**Captioned web image data:**

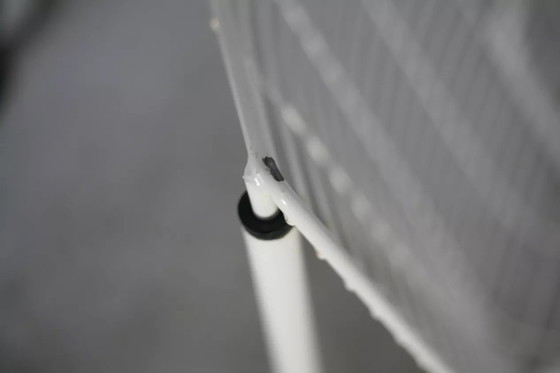 Image 1 of 2x Sessel Stahlstangen Weiß lackiert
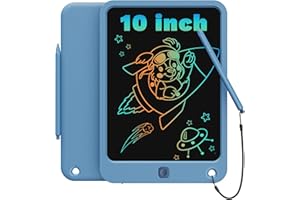 TEKFUN LCD Schreibtafel Kinder Erwachsene 10 Zoll Bunte Zeichenbrett, Spielzeug ab 3 4 5 Jahre Junge Mädchen Zaubertafel Maltafel, Kinder Lernspielzeug Geburtstags Geschenke für 3+ Jahre (Marine)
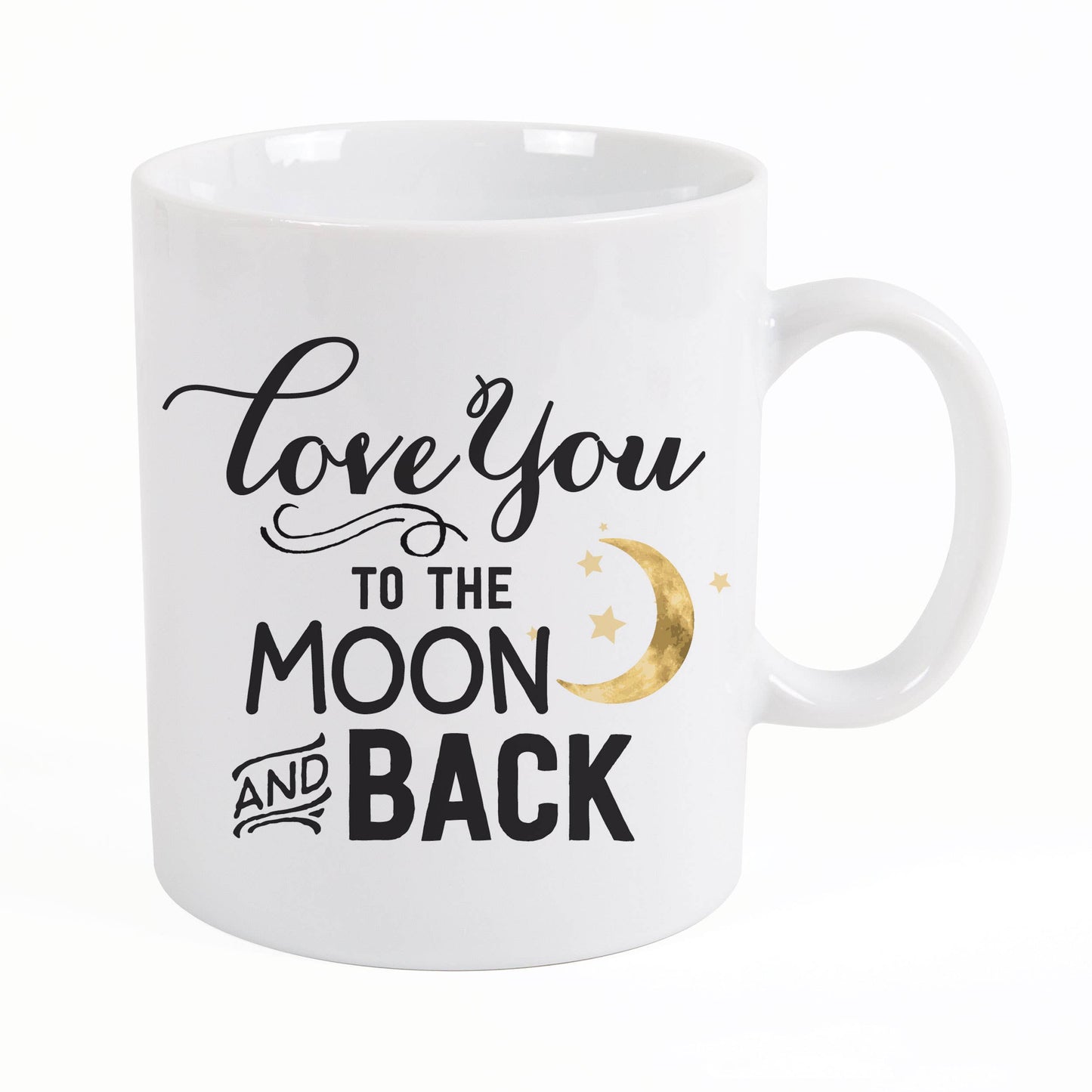 I Love You To The Moon & Back Mug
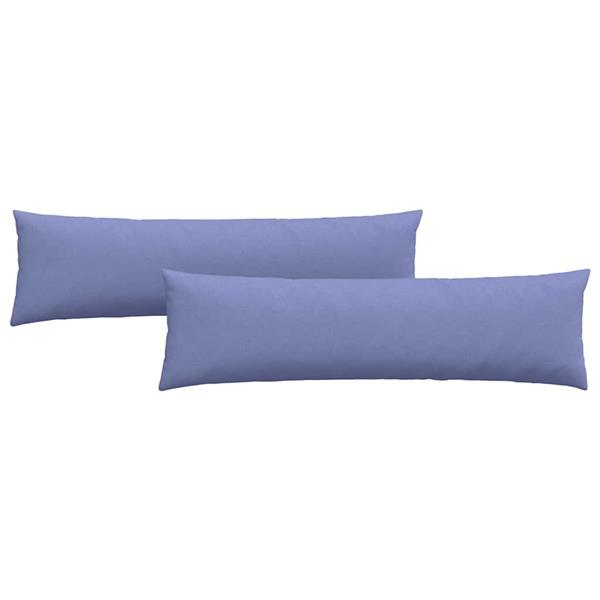Grote foto vidaxl sofa kussens 2 pcs blauw 145 x 40 cm stof huis en inrichting woningdecoratie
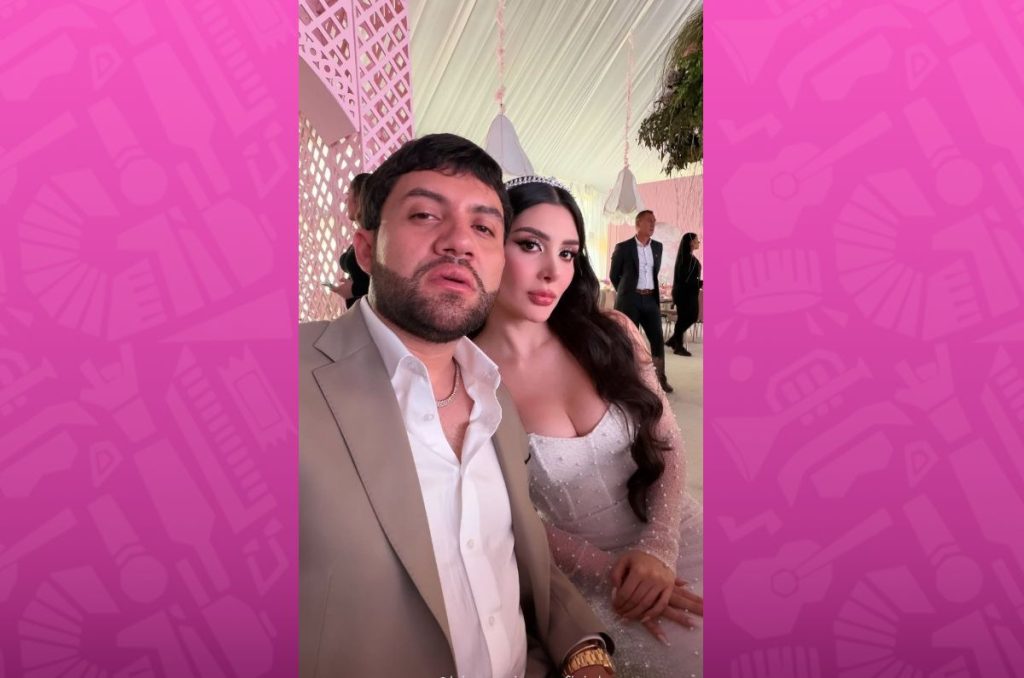 fiesta del bautizo de Luis R Conriquez y su pareja Ivette Camacho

**TASK PROMPT:** Once you reach the line containing "I Love You To The Moon & Back Mug", print it and every line after it exactly, through the end of the entries, without any pictures.

**YOUR SOLUTION:**
 I Love You To The Moon & Back Mug
Grote foto vidaxl sofa kussens 2 pcs blauw 145 x 40 cm stof huis en inrichting woningdecoratie
 fiesta del bautizo de Luis R Conriquez y su pareja Ivette Camacho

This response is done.